Half art book half book of wonders, ego[n] tries to please the weird fetishes of every book lover. its main theme, incompleteness, is physically expressed in the form of the magazine itself, a collection of unpublished issues, fragments from longer, untold stories. Inside, twelve fragments, different points of view on contemporary graphic design and on the global themes that influenced it. From the relationship between business and creativity to visual reflections on the 9/11 attacks, from a compilation of designers’ sketchbooks to a fake annual report on the www porn business; from the history of the Ascii set to an inquiry into Florence’s graphic design scene...

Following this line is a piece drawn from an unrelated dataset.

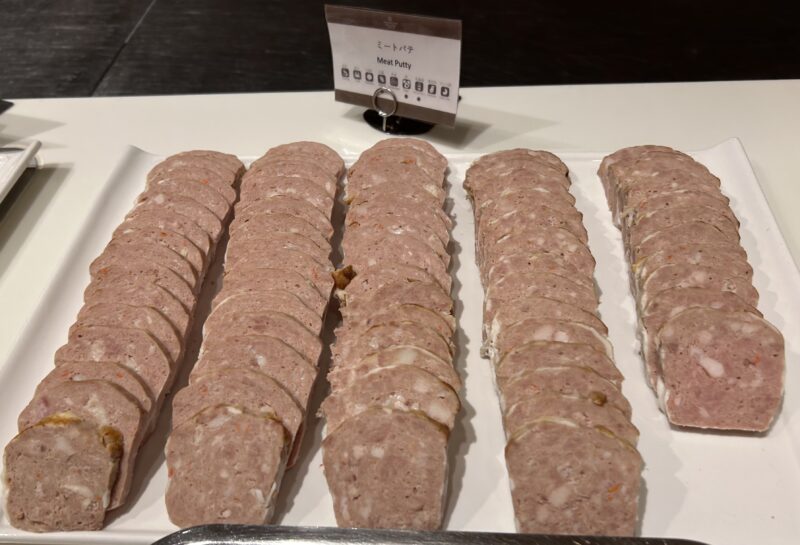 シェラトン・グランデ・トーキョーベイ・ホテルのシェラトンクラブ(クラブラウンジ)「イブニングカクテルサービス」ミートパテ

The idea of creative collaboration is central in the production process of the magazine: in ego[n] it is possible to find young designers next to masters like Jonathan Barnbrook, Ed Fella, KesselsKramer, Karlssonwilker, and the late Alan Fletcher. Moreover, every issue of ego[n] uses original fonts by studioKmzero that are provided in the DVD togheter with a user license.
Printed on the quality papers supplied by Polyedra and including a tag marker sponsored by Graffbay, ego[n] promises to be “yet another overdesigned, completely useless, totally self-indulgent, inventively packaged, gadget-packed and expensively printed graphic design magazine that’s good only for diehard book fetishists and geeky collectors”.